Vander Ark's claim that this is more a play about characters is strongly supported. The characters were the strongest part of the play. Along with the play's balanced sarcasm, the fully elaborated characters were really what stuck with me at the end. Each character was thoroughly developed and consistently acted out down to the little details, such as the whimsical Effie constantly pulling food out of her bra or sassy Chivonn's attitude-stricken facial expressions, even when in the background of the action.
Although they all seemingly played the same role of a sister wife, Vander Ark created very unique, believable and identifiable personalities among all of them, which strengthened not only the sarcastic humor but also the flow of the plot.
The last wife brought in was the racy and young Lillian, or 'Lillian Lily Lovely.' She served to be the wrench that Warren Smith was throwing into the mess that his protesting wife was causing. She was holding off sex, so he brought in a new promiscuous wife as a rebuttal. While adding a lot of humor to the play, at times her character also added inconsistency. Her role was the young, naiive, jersey-shore-like female who seemed to be living in a much more modern world than her other opressed sister wives. The references to social media or going to the mall, at times caused the setting or context to be confusing and took away from the plot.
The plot proved to be extremely unpredictable: the whole time it had me guessing what would happen next and how it would wrap up. In a play about the struggle for equality and control, the plot keeps the antagonist and protagonist changing throughout the play, which kept me intrigued until the end.
"It becomes about the struggle for equality and who is really the one standing in your way," says Mackenzie Moira McElroy, who plays the role of Nadine, "A lot of times it isn't who you think it is."

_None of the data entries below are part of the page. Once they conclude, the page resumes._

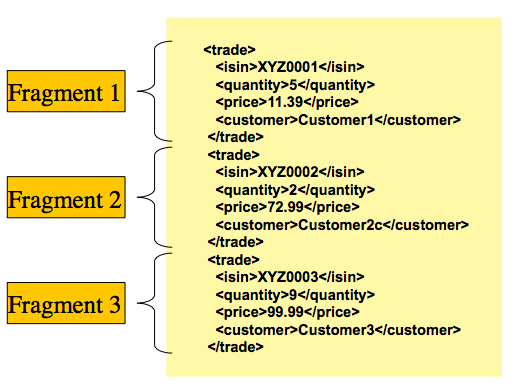 XML Input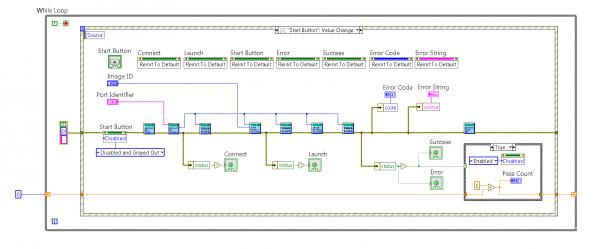 LabVIEWによる自動フラッシュプログラミングソフトウエアが可能なCyclone Control SuiteとPEmicro CYCLONEおよびCYCLONE FXプログラマの販売開始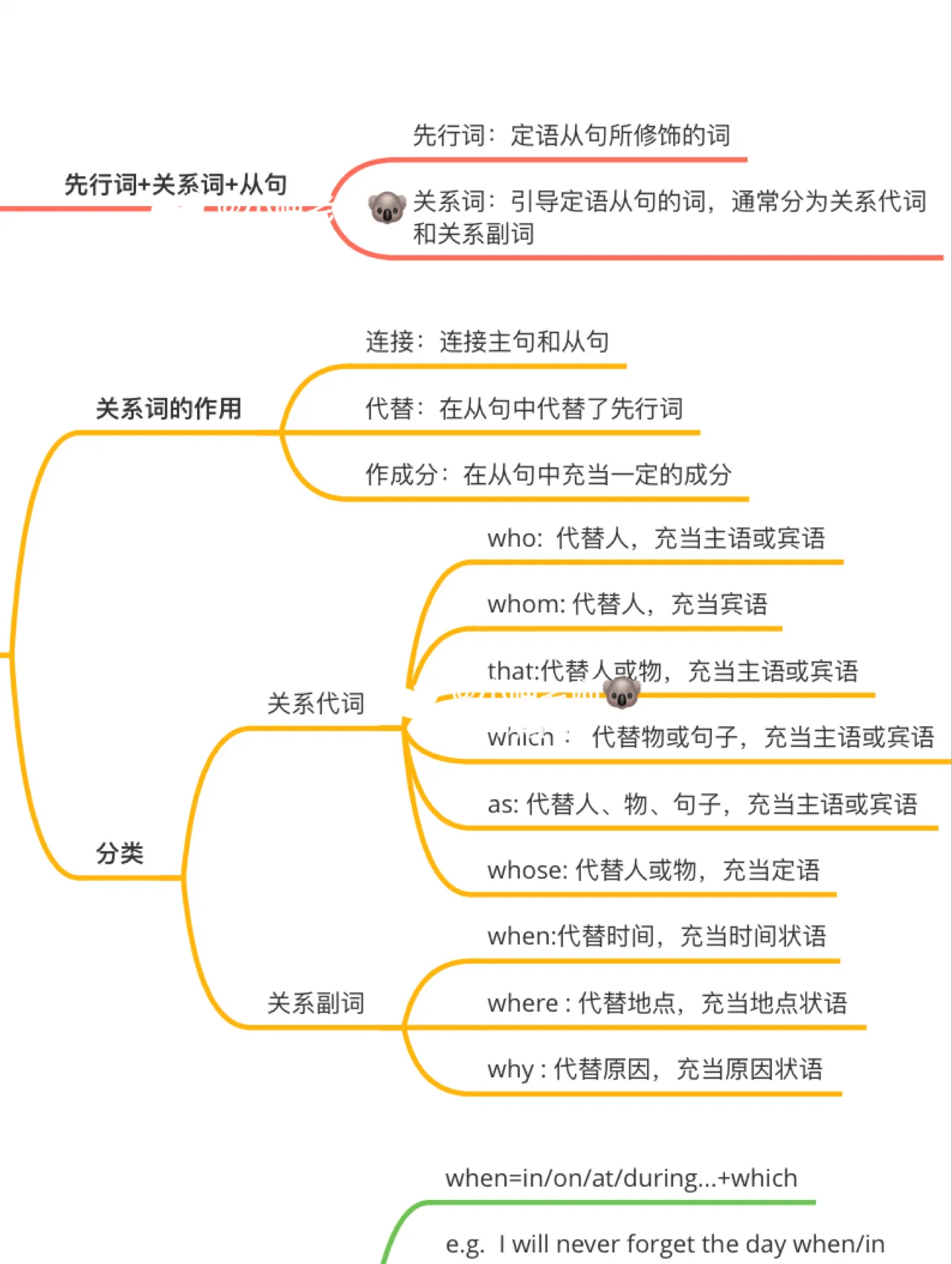 初中英语语法讲解视频（定语从句）的简单介绍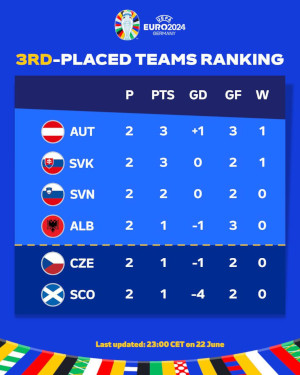 3rd place teams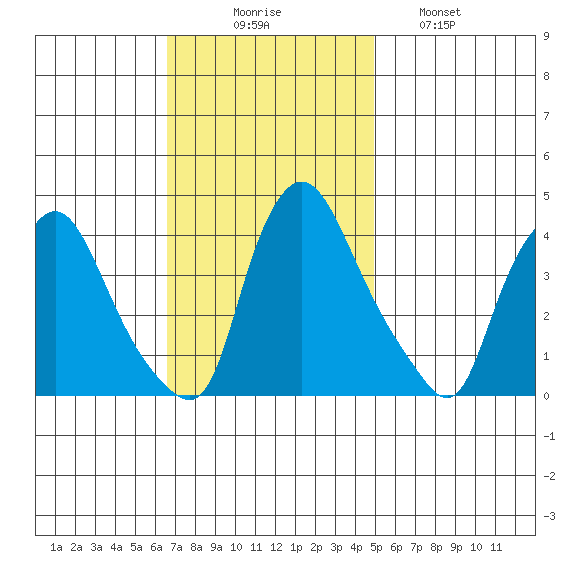 St. Georges tide chart for Sunday, November 7, 2021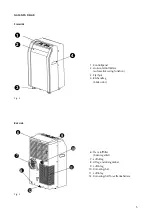 Preview for 5 page of Malmbergs M09CR Instruction Manual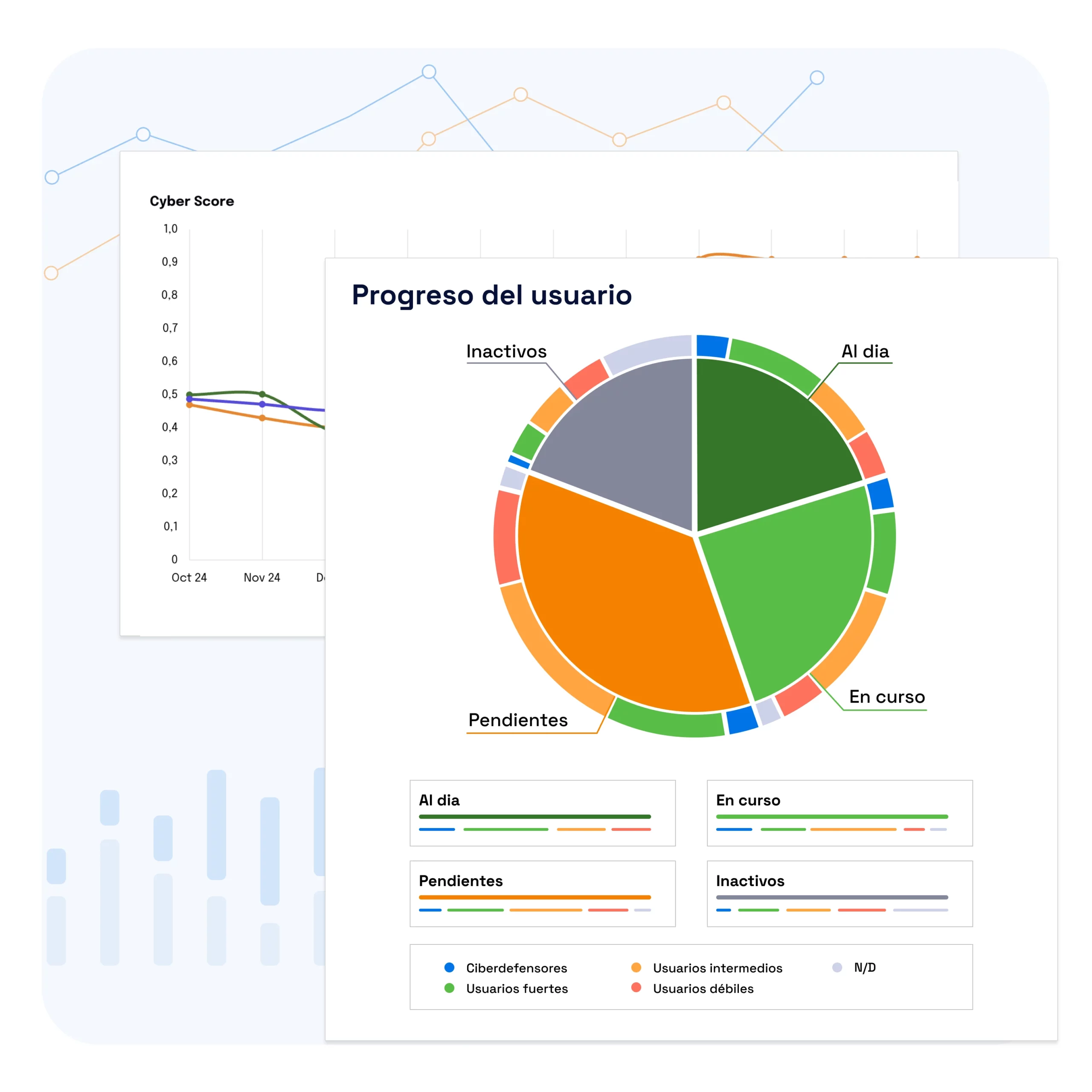 Users_Progress_Web_ES
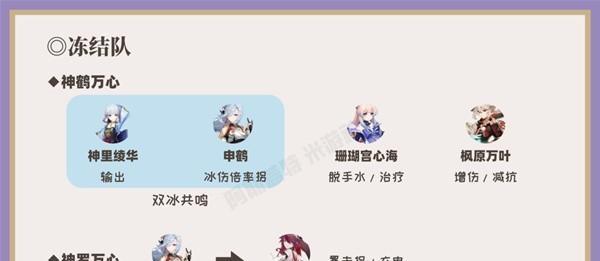 心海培养攻略（探索失落记忆、解锁隐藏心海秘籍，全面提升你的战斗实力！）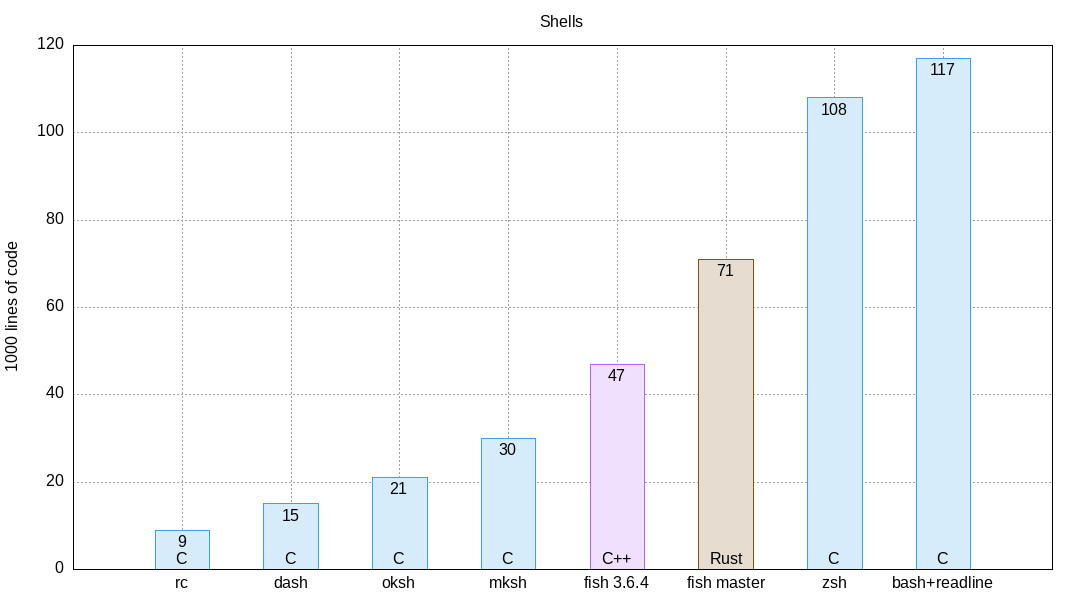 Bar chart with lines of code per shell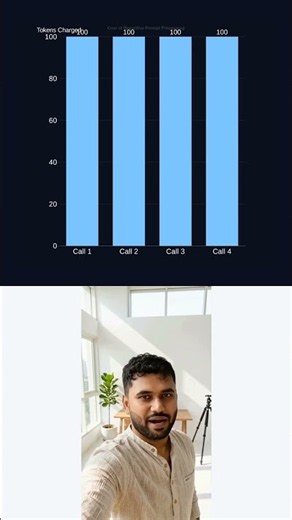 Cut AI Token Costs 70% with Claude Prompt Caching vs OpenAI #Shorts
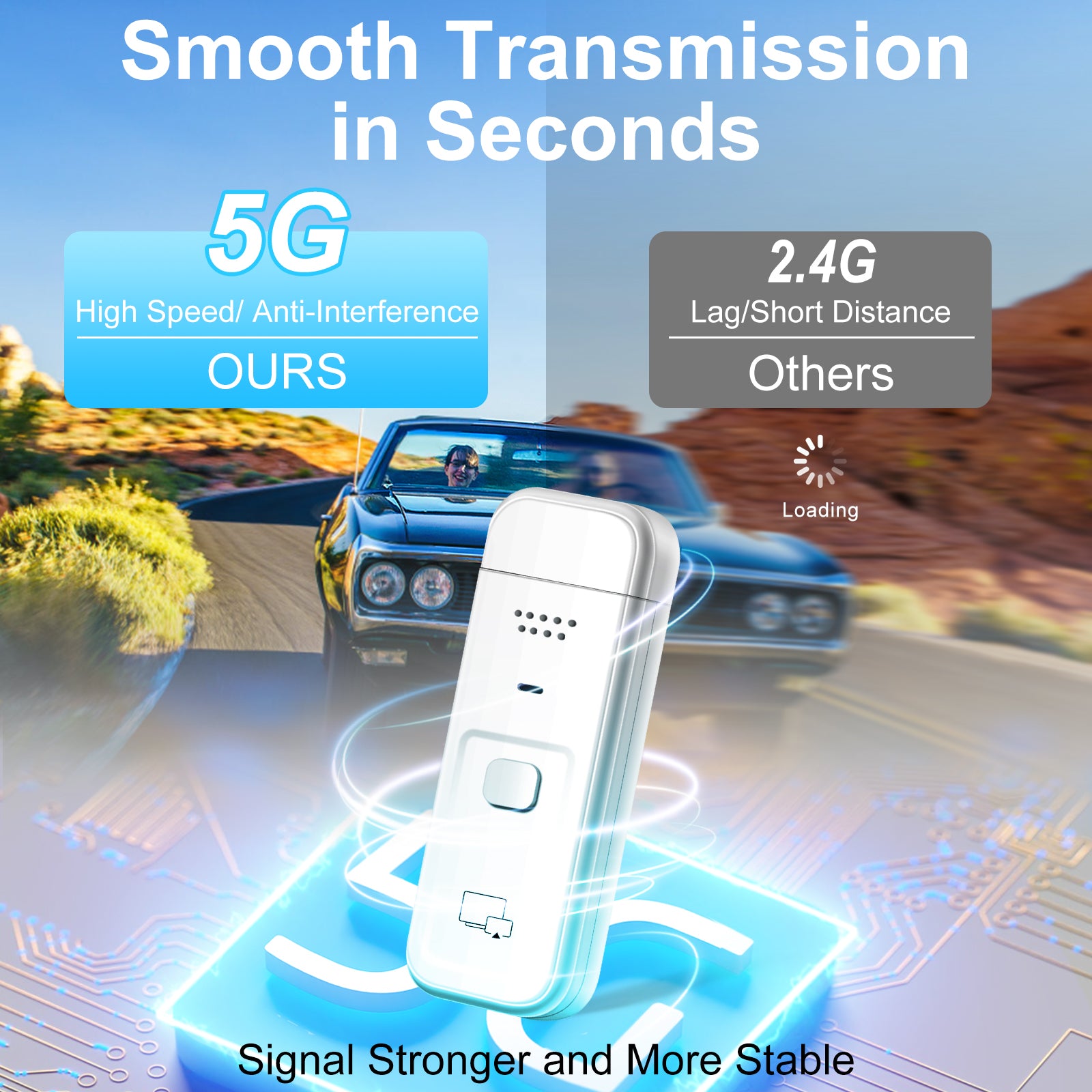 Wireless HDMI Transmitter and Receiver 2-in-1, Plug & Play Portable, 4K Decode 1080P Output, Video Streaming from Laptop, PC, Tablet , Smartphone to TV Projector Monitor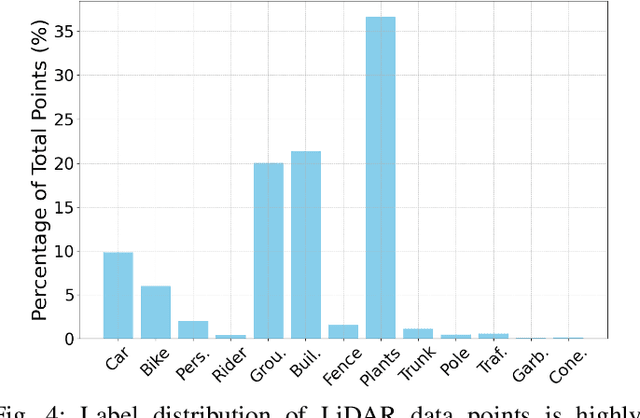 Figure 4 for SELECT: A Submodular Approach for Active LiDAR Semantic Segmentation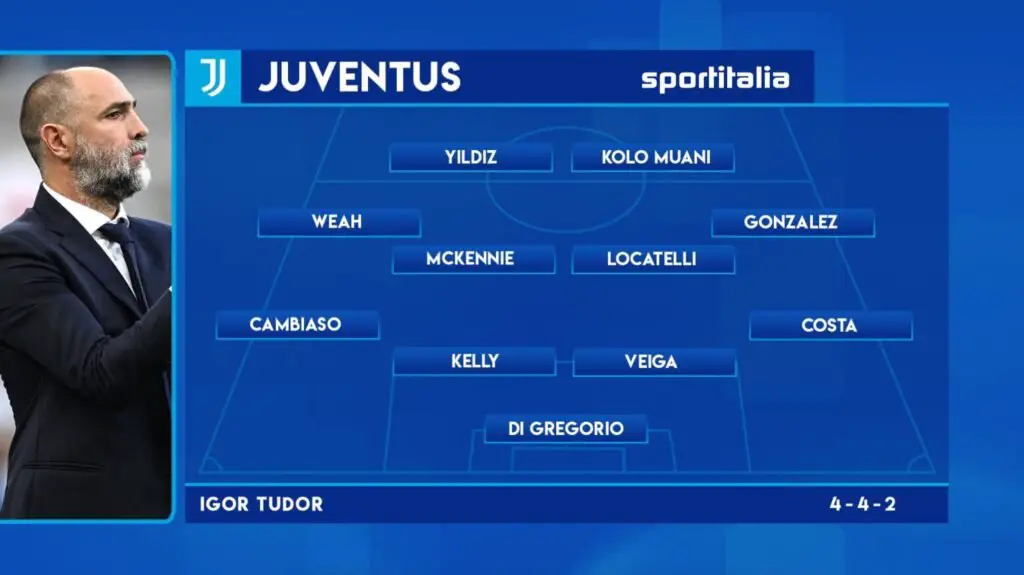 Juventus vs Udinese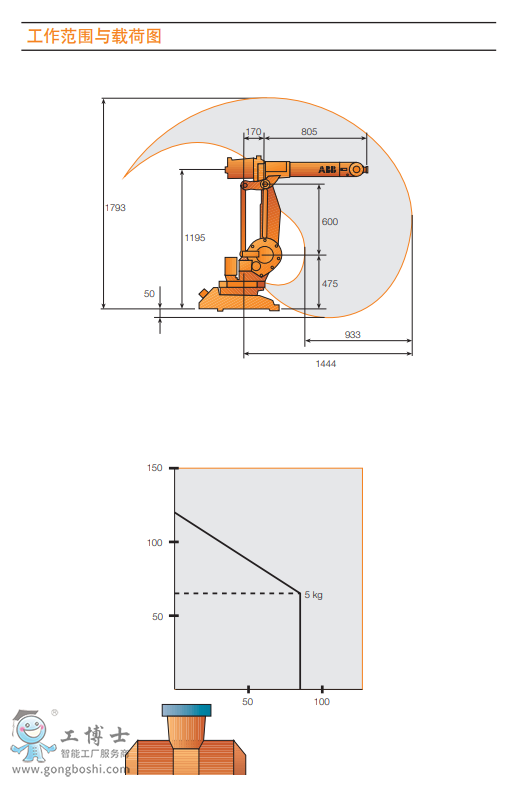 ABB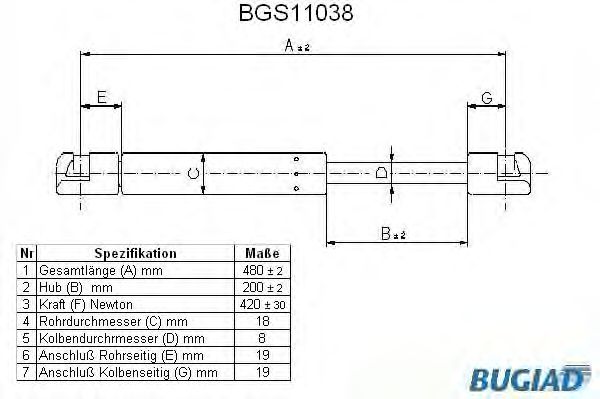 Упругий элемент, крышка багажника / помещения для груза BGS11038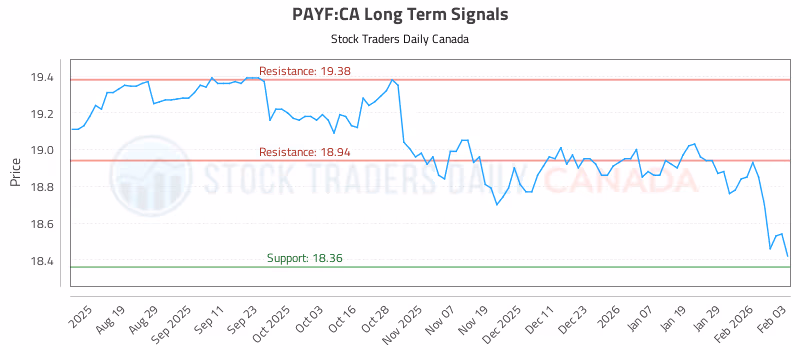 Stock Chart for PAYF:CA
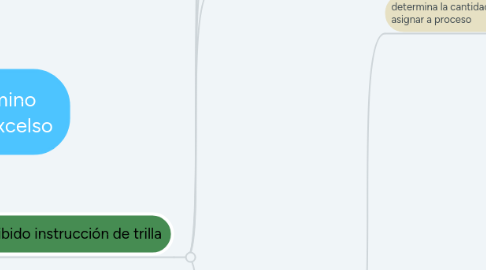 Mind Map: Trilla de pergamino Producción de excelso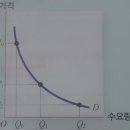 2013 "의료수요" 그룹별 사례보고서 - 9조 H.C.E 마스터조-수정완료 이미지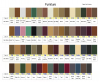 Furniture Colors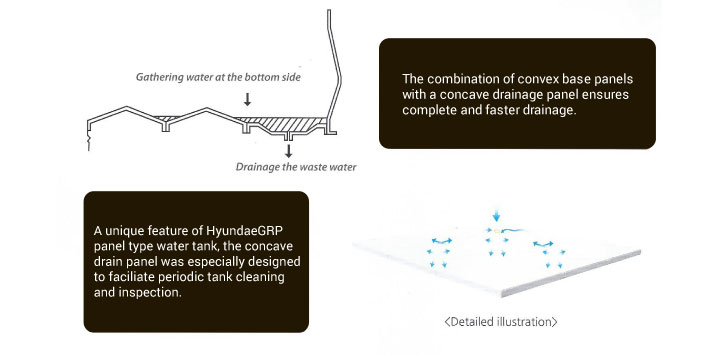 grp water tank supplier in dubai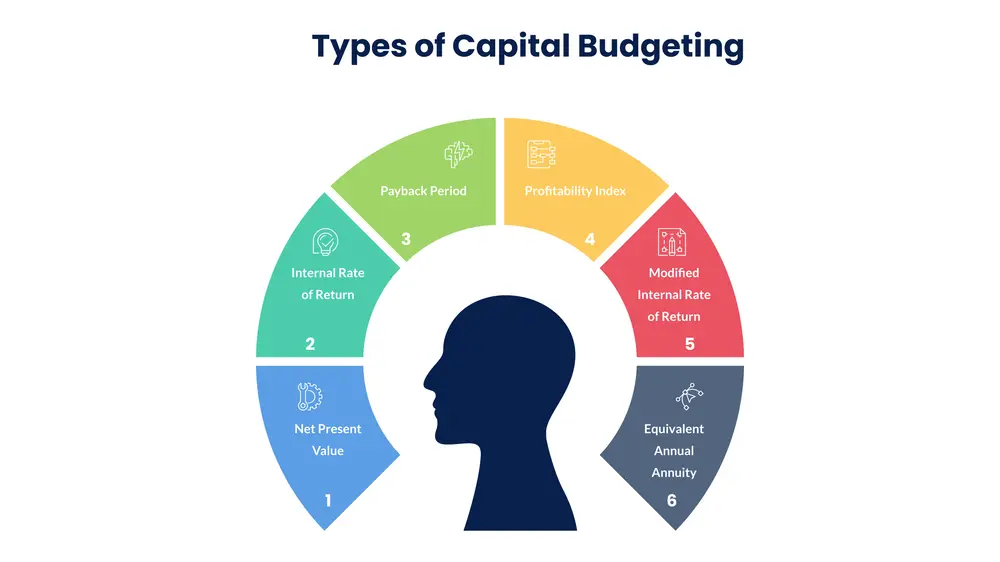 Capital Budget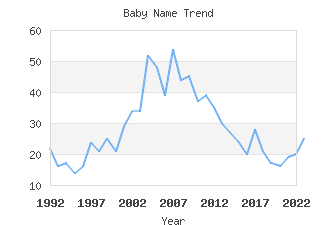 Baby Name Popularity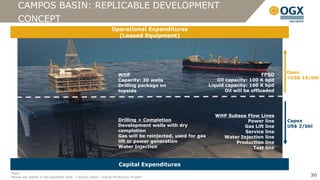 CAMPOS BASIN: REPLICABLE DEVELOPMENT
    CONCEPT
                                                                Operational Expenditures
                                                                  (Leased Equipment)




                                                                                                                                   FPSO   Opex
                                                                    WHP
                                                                                                              Oil capacity: 100 K bpd     <US$ 16/bbl
                                                                    Capacity: 30 wells
                                                                    Drilling package on                    Liquid capacity: 160 K bpd
                                                                    topside                                       Oil will be offloaded




                                                                                                             WHP Subsea Flow Lines
                                                                    Drilling + Completion                               Power line        Capex
                                                                    Development wells with dry                         Gas Lift line      US$ 2/bbl
                                                                    completion                                         Service line
                                                                    Gas will be reinjected, used for gas       Water Injection line
                                                                    lift or power generation                        Production line
                                                                    Water Injection                                       Test line


                                                                    Capital Expenditures
Note:
Please see details in the Appendix slide: “Campos Basin: Typical Production Project”                                                              30
 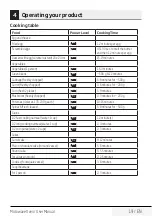 Preview for 19 page of Beko MGC20100S User Manual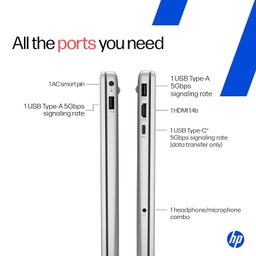 HP 15, Intel Core 5-Laptop (8GB DDR4,1TB SSD)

This production of "Dress Your Wives in Floor Length Denim," addresses the everyday complexity of relationships in the non-everyday context of polygamy. The plot demands the audience's attention, with the intensity as well as the close proximity of the stage, but also breaks up the grave topic with a lot of wit and sarcasm. With a topic as commonly approached as dynamics between individuals, people of all different walks can find something to take away from this play.